[Opening Given material section]

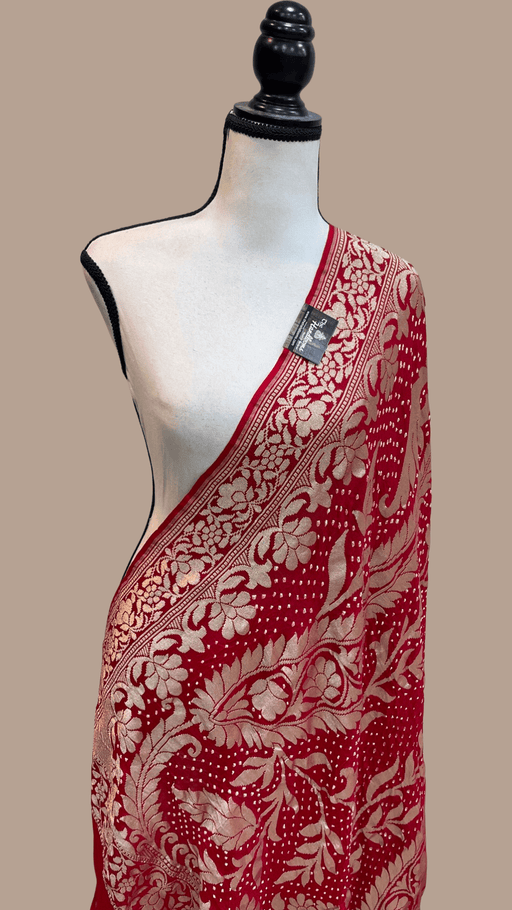 Pure Georgette Banarasi Bandhej Handloom Dupattta - The Handlooms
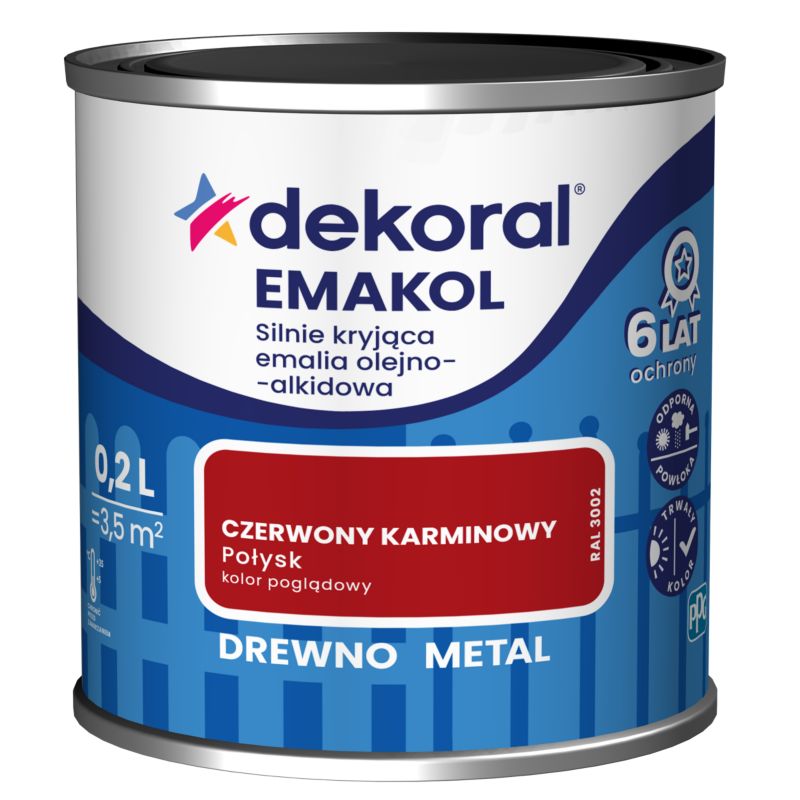 Dekoral Emakol olie-alkyd emalje til træ og metal karminrød 0,2 l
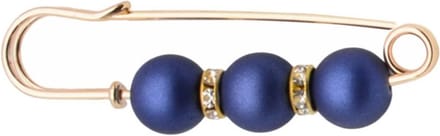 Fako Bijoux® - Sierspeld - Sjaalspeld - Vestsluiting - Vestspeld - Parels & Strass - 65mm - Donkerblauw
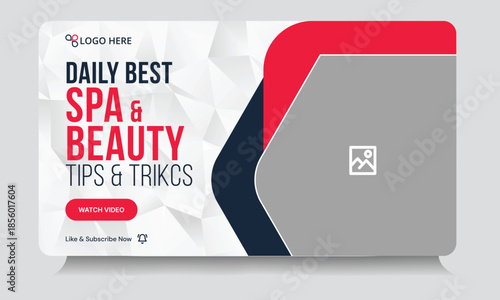 Beauty and spa tips video thumbnail banner design, salon content video cover bannner design, editable vector eps 10 file format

[Closing Given material section]

> Your instructions:
What is needed is the whole listing again, exactly as written, with the images left out.

> Answer area:
 Pure Georgette Banarasi Bandhej Handloom Dupattta - The Handlooms
 Dekoral Emakol olie-alkyd emalje til træ og metal karminrød 0,2 l
 Fako Bijoux® - Sierspeld - Sjaalspeld - Vestsluiting - Vestspeld - Parels & Strass - 65mm - Donkerblauw
 Beauty and spa tips video thumbnail banner design, salon content video cover bannner design, editable vector eps 10 file format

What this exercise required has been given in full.